LONDON — Daniella Helayel, who briefly became the world’s most famous designer when Kate Middleton donned a royal blue jersey Issa dress the day her engagement to Prince William became public in 2010, has returned with a new women’s collection called Dhela.
Helayel, the founder and former creative director of Issa, will be selling her spring 2017 collection of breezy dresses, tops and trousers at Showroom Seven in New York starting Friday, and through the same showroom in Paris.
While the signature Helayel details are all there — the figure-flattering shapes, punchy colors and nature-inspired prints — this collection is a departure from the knee-grazing, jersey Issa dresses that were a mainstay of many a socialite’s wardrobe until Helayel exited the label in 2013.
“Dhela is very bohemian, laid-back, elegant — and there’s very little jersey,” said the Brazilian designer from her studio in southwest London. “It’s what I feel like right now — I want to wear long dresses — and some glitter. The clothes are meant for summer in St. Tropez or Ibiza.”
The collection is full of fabrics including crepe de chine, double georgette, stretch satin, cotton lace and silks adorned with fine silver or gold threads.
There are lightweight cotton caftans and belted shirt or tiered styles; long dresses with halter tops, fitted waists or cutout backs; wide-leg jumpsuits, pajama trousers; off-the-shoulder tops, and long skirts.
More fitted styles include A-line cotton lace dresses with long sleeves and high necks, scoop-neck ones with inset fabric bands at the waist, or Forties-inspired styles.
An orchid print — abstract, exploded or done in repeating patterns — runs through the collection. There are also lots of thick and thin diagonal stripes, while the color palette includes deep blue and green, red, fuchsia, faded pink and gold. The average price is about $500-$600 pounds ($667 to $801).
Helayel said her aim is to develop Dhela into a lifestyle brand. She’s already whipped up a few girls’ cotton dresses and tops so daughters can coordinate with mothers on the beach, and the next step will be a few pieces of men’s wear, including a Hawaiian-style shirt and swimming trunks.
“I want to create as many beautiful and flattering clothes as I can — and I have an overload of ideas,” said Helayel.
Helayel quit Issa two years after selling a 51 percent stake to Camilla Al Fayed, who shuttered the label last year.
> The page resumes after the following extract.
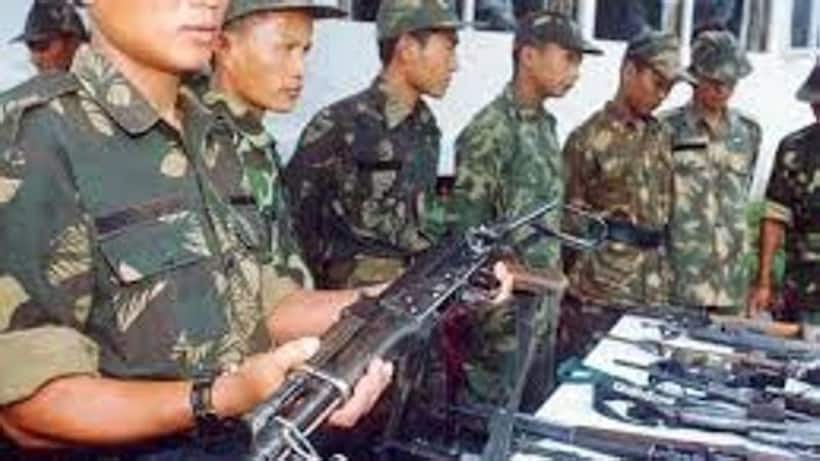 ऐतिहासिक दिन:असम में एक साथ 644 उग्रवादियों ने किया आत्मसमर्पण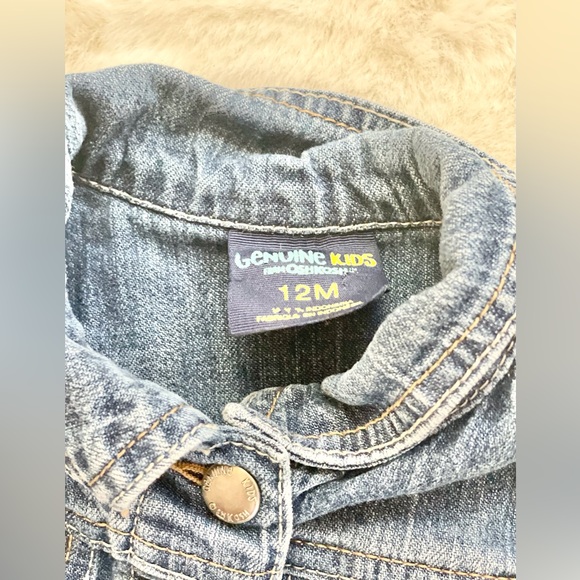 GENUINE KIDS BY OSH KOSH BGOSH DENIM JACKET WITH RUFFLES & Front pockets. Snaps - Picture 2 of 3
Over the past three years, Helayel pursued personal interests such as art and travel, did some design consulting, and most recently worked with the British high street retailer Monsoon on a capsule range of dresses resembling her old designs for Issa.
Helayel founded Issa in 2001, and at its height the label sold in 43 countries, at more than 350 doors.
She said the new collection’s name, Dhela, has multiple meanings. It’s a nod to her first and last names, and also a spin on the word “dela,” which means “hers” in Portuguese. The designer said this time around, the label will most definitely remain her own.
“No one is going to take it away,” she said.